I think the current concensus on animal ethics is that we can do whatever we want to them as long as we enjoy the effects…
It wasn’t, as mmmiiikkkeee said, a mauling at all–the guy tripped, the tiger (who was his special pet) picked him up and following the proscribed routine, carried him off stage by the neck, as a tiger normally would carry a baby tiger. He received, I think, two small puncture wounds, one of which was unfortunate enough to hit an artery, causing a stroke. Had the tiger wanted Roy dead, he’d have immediately shaken him and such. If a tiger wants something dead, he’s not going to gently carry him away and nicely set him down. Tigers guard their prey, Montecore walked straight back into his travelling cage and laid down.
Secondly, I am in the process of learning about operant conditioning as it relates to dog training, and am on an email list with several animal behaviorists and trainers who work with exotics in zoo settings. One woman, Kayce Cover, has regularly worked with tigers, bears, sea mammals, etc. This is her take on the situation, permission to repeat granted:
The rest of the message mostly deals with how to safely keep tigers, tiger behavior, and human interaction with tigers, as well as public perception of exotics keepers and a note about the relevance of laws against keeping certain exotics (or lack thereof).
Anyway, the point is that yes, tigers are potentially dangerous–but a tiger attack is big news, whereas three deaths by elephant don’t even merit a mention. I get the impression it’s another symptom of the Bowling for Columbine culture of fear thing. Over 15,000 pet tigers in America alone, and I really don’t remember hearing about people getting mauled or hurt by their pet tigers in the past–yet after this Sigfried and Roy incident, I’ve heard about three other tiger incidents (only one of which involved a wounded human) in the past few weeks. Tiger maulings are hot news right now. :rolleyes:
As with any large exotic, responsible keepers who have the time, money, and knowledge to handle them do not get hurt. It’s the idiots who attempt to keep tigers in apartments in Harlem who have problems–and didn’t that guy and his family keep more than one big cat for several years without getting hurt?
I’m not arguing that it’s perfectly safe or perfectly easy to keep big cats, or that any average individual should EVER consider keeping one as a housepet, just that properly kept they’re not as dangerous as you might expect.
There is an Animal Planet/ program about an Asian religious order that keeps a large group of tigers. I get the impression that these cats are the outcome of a long established program of raising tigers in their sanctuary. Of course, TV programs can be edited to take out the warts but it would seem that these cats are fully domesticated. The members of the order walk freely among them; play tag with them in their swimming hole and give them every chance to revert to their “natural” state by allowing the cats to chase them, etc. One rule is strictly enforced. When they are on land the animals do not jump up to put their forepaws on a person’s shoulders. A 500 pounder would be an unintentional danger and the tigers are scolded, which is effective, if they try it.

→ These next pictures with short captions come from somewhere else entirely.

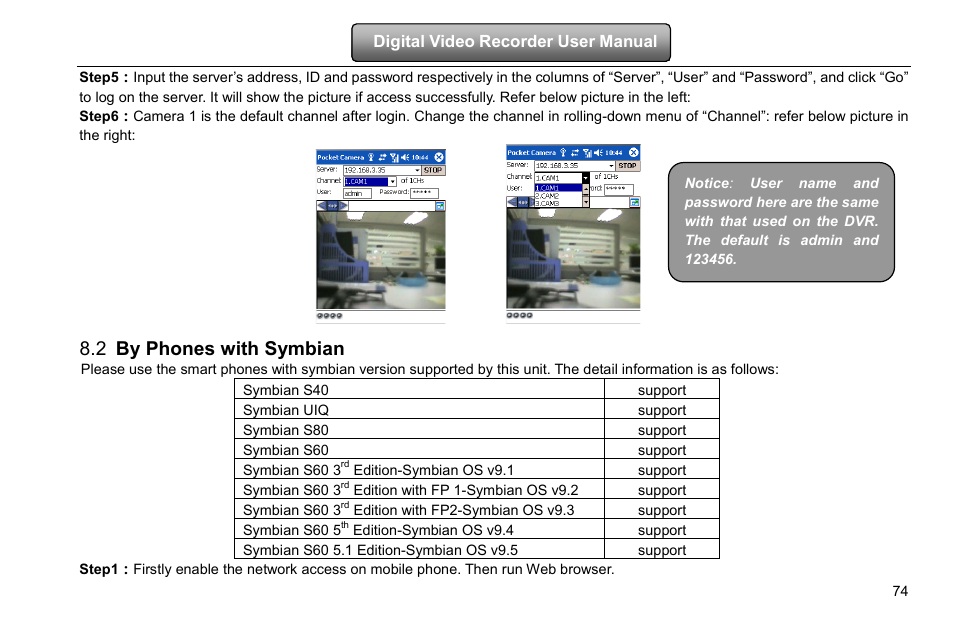 By phones with symbian, 2 by phones with symbian | COP-USA DVRHD-8D1 User Manual | Page 80 / 124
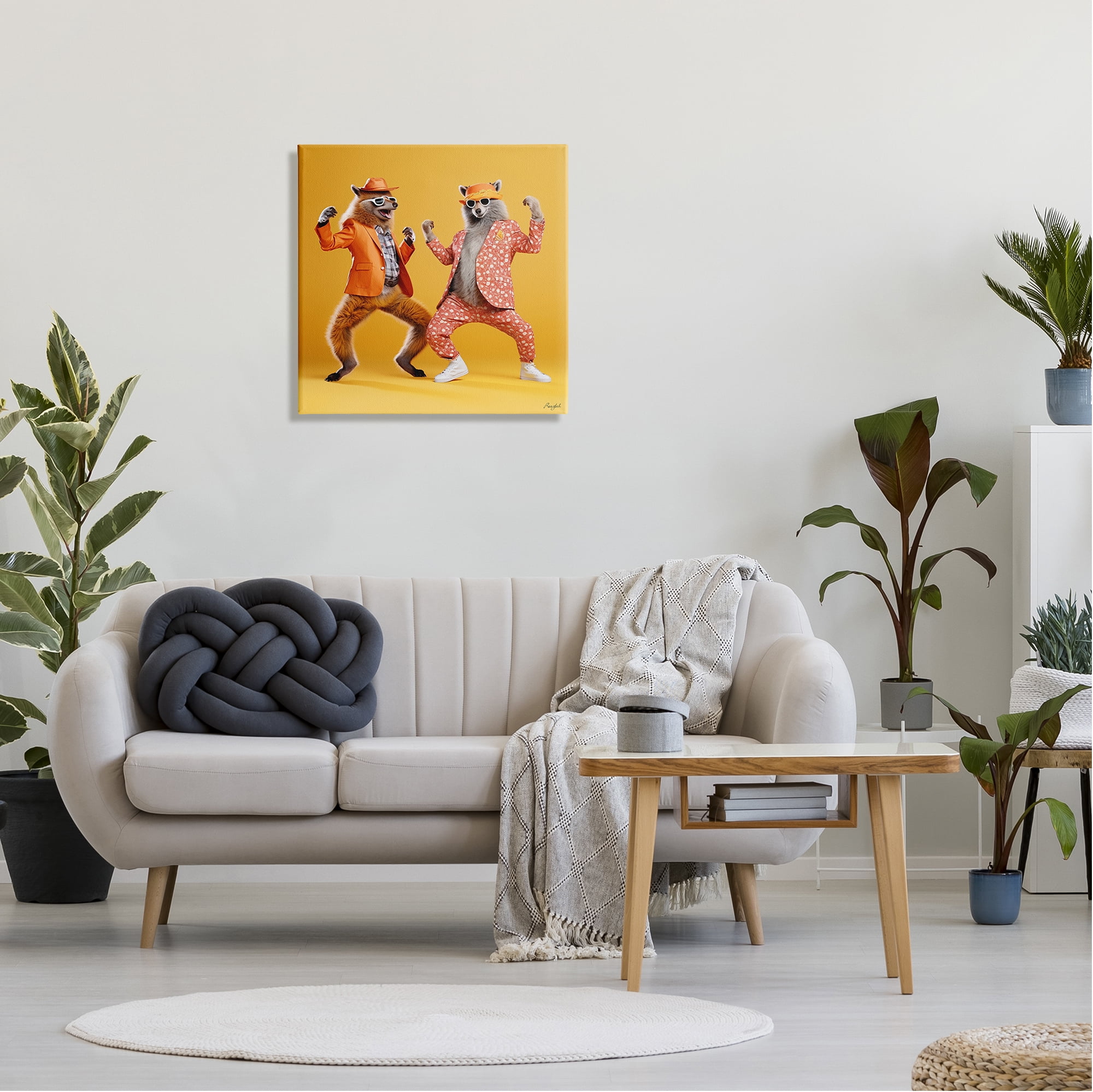 Stupell Industries Dancing Foxes on Yellow Animals & Insects Painting Gallery Wrapped Canvas Art Print Wall Art, 24 x 24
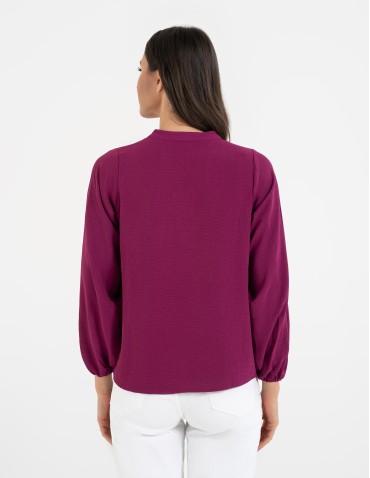 Bluzki i koszule - Damska bluzka z długimi szerokimi rękawami FUKSJA - produkt 11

It looks to me like tigers, relatively solitary animals, seem more amenable to this sort of treatment than, say, lions which are group animals.
You are correct David, tigers are more amenable to this sort of treatment, that is why acts like Siegfreid and Roy use them over lions, howvere they can never be fully tamed and remain dangerous even after several generations in captivity.
Audiences don’t want to watch tame tigers. The only thing that is entertaining about wild animal acts is that occasionally, the lion tamer gets eaten. If it were otherwise, S&R could go on stage with sheep and chickens, and not take the risk at all. It’s like NASCAR; would anybody go if they reduced the speeds enough to eliminate crashes?